Actual loading stress paths in true-triaxial tests

3.2 Failure Process of the Hole Sidewalls

A miniature camera was equipped to record the failure process of the circular hole during the experiment. The typical failure process of rockburst and spalling failure is shown in Figs. 8 and 9, respectively. Figure 8a marks the vertical stress at 13.6 MPa. Herein, the rock was in the initial stress state, and intact. No failure phenomenon was observed. The strain energy generated during the loading stage started accumulating within the surrounding rock, marking the rockburst incubation stage. When dynamic disturbance load was applied (i.e., σ_v = 50.5 MPa), the left sidewall began to experience initial damage, indicating that the stress concentration coefficient of the left sidewall was high. Small particle ejection was observed, but the ejection velocity was low. However, the right sidewall remained intact without damage, as shown in Fig. 8b. After 0.02 s, the vertical stress reached 52.3 MPa, and the second visible particle ejection was observed on the left sidewall (see Fig. 8c), with a significantly higher velocity than that observed in Fig. 8b. Formation of multiple rock slabs on the left side wall accompanied by sight bulging of the right sidewall was seen when σ_v reached 56.3 MPa, as shown in Fig. 8d. As the vertical stress continued to increase, gradual initiation of cracks happened on the left and right sidewalls, which further propagated and penetrated the rock. Rock slabs started to peel off from the left and right sidewalls, as shown in Fig. 8e–g. At 321.24 s, the vertical stress reached the maximum value (i.e., σ_v = 68.9 MPa), and a rockburst occurred. A large number of rock particles and rock fragments were propelled violently outwards from the left and right sidewalls, as shown in Fig. 8h. Based on the observation, the whole process of rockburst can be summarized into four stages: quiet period, particle ejection, rock slabbing, and rockburst.

Fig. 8

Failure process of rockburst

Fig. 9

Failure process of spalling failure

Figure 9 shows the process of spalling failure. When the vertical stress reached 13.6 MPa in Fig. 9a, no visible damage was seen. As the vertical stress continued to increase, micro-cracks appeared on the right sidewall and developed continuously, which resulted in lamellar rock slabs breaking outward to the surface, as shown in Fig. 9b, c. When σ_v = 61.0 MPa, cracks began to appear on the left sidewall, while the rock slabs on the right sidewall continued to develop and curl off towards the surface, resulting in small grains ejection at a low speed, as shown in Fig. 9d. The cracks on the left sidewall developed and expanded over time. The degree of damage on the left and right sidewalls gradually increased. Bulging and peeling off of a large number of rock slabs continued, as shown in Fig. 9e–g. In Fig. 9h, evident characteristics of spalling failure were seen on the left and right sidewalls when σ_v = 64.6 MPa. Many layered rock slabs were formed on the left and right sidewalls, which constantly flaked off from the parent rock under the action of gravity. Thus, the spalling failure process can be divided into four stages during the test: quiet period, particle ejection, rock slabbing, and spalling failure.

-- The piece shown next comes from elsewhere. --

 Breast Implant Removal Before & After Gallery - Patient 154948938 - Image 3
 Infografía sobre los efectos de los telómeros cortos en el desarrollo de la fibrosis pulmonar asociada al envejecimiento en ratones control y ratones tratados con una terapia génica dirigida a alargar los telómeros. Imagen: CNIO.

Conclusively, it was found that spalling failure and rockburst shared three common stages, but their failure characteristics vary distinctly. The spalling failure was a slow static failure process, whereas, the rockburst was a dynamic failure process. The strain energy in the rock mass dissipated due to crack propagation and the remaining energy was converted into kinetic energy as rock fragments ejected during the rockburst. However, there is not enough remaining energy that gets converted into kinetic energy during the spalling failure.

4 Results Analysis

To further study the difference between rockburst and spalling failure, a detailed analysis was conducted considering four aspects of stress characteristics, AE characteristics, fragment characteristics, and morphology characteristics of V-shaped notch based on simulation experimental results.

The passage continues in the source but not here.